Entries taken from a collection:
BEGIN
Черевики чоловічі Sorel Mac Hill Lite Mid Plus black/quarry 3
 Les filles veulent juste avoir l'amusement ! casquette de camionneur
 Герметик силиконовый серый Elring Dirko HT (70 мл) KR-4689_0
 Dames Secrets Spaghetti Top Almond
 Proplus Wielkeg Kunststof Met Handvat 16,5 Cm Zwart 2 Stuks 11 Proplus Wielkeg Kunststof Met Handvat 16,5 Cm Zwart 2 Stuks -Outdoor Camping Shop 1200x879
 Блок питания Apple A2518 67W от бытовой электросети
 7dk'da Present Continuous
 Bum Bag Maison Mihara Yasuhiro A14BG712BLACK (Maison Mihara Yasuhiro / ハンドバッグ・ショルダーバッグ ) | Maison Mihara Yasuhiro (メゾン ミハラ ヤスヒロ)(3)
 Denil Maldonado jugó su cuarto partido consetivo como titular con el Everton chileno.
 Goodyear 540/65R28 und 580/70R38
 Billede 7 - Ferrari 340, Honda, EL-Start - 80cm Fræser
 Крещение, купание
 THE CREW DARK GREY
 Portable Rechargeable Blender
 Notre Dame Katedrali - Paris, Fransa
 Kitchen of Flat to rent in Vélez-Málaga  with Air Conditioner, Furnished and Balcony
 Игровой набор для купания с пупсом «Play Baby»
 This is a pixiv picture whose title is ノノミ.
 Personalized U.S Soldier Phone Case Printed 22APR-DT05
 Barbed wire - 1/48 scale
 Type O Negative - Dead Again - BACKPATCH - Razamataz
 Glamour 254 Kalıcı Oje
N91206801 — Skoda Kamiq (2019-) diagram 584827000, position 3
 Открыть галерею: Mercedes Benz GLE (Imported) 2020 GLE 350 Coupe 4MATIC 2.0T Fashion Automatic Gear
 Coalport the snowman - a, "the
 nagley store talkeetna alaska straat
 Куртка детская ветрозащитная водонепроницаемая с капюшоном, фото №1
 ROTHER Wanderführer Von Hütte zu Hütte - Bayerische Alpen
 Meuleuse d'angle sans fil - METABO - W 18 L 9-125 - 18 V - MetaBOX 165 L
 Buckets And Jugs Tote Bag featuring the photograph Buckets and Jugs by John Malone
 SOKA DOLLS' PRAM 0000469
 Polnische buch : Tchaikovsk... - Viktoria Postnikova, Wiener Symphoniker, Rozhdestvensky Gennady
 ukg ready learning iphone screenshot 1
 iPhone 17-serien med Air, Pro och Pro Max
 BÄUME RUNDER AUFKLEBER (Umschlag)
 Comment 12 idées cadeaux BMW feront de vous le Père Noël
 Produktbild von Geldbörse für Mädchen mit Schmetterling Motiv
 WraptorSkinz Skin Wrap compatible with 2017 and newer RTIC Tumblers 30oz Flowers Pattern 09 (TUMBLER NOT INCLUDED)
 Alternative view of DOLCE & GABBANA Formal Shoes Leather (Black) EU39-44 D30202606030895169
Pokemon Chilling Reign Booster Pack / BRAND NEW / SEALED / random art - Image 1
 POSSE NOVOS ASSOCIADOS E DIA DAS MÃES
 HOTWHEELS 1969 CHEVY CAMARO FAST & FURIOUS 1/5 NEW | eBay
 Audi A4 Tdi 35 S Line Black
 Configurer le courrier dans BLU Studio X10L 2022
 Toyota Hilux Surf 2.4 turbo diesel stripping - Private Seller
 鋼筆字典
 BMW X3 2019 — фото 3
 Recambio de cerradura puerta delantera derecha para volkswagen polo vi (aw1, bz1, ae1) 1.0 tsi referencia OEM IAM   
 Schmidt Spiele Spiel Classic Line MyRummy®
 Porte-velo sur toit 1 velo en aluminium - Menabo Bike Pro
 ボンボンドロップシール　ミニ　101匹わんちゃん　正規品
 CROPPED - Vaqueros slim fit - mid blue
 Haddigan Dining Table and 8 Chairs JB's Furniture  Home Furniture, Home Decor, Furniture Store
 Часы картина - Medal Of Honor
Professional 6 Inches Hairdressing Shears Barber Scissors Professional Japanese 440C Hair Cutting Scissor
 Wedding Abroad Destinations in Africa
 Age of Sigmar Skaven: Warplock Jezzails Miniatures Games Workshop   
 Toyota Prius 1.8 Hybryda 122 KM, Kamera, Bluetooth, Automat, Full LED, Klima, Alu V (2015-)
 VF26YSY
END
TASK TO CARRY OUT
In the entries above, please find the line with "Notre Dame Katedrali - Paris, Fransa" and the line with "Glamour 254 Kalıcı Oje", then write out exactly those two lines and every line between them, and nothing more.

ANSWER FOR THE TASK
 Notre Dame Katedrali - Paris, Fransa
 Kitchen of Flat to rent in Vélez-Málaga  with Air Conditioner, Furnished and Balcony
 Игровой набор для купания с пупсом «Play Baby»
 This is a pixiv picture whose title is ノノミ.
 Personalized U.S Soldier Phone Case Printed 22APR-DT05
 Barbed wire - 1/48 scale
 Type O Negative - Dead Again - BACKPATCH - Razamataz
 Glamour 254 Kalıcı Oje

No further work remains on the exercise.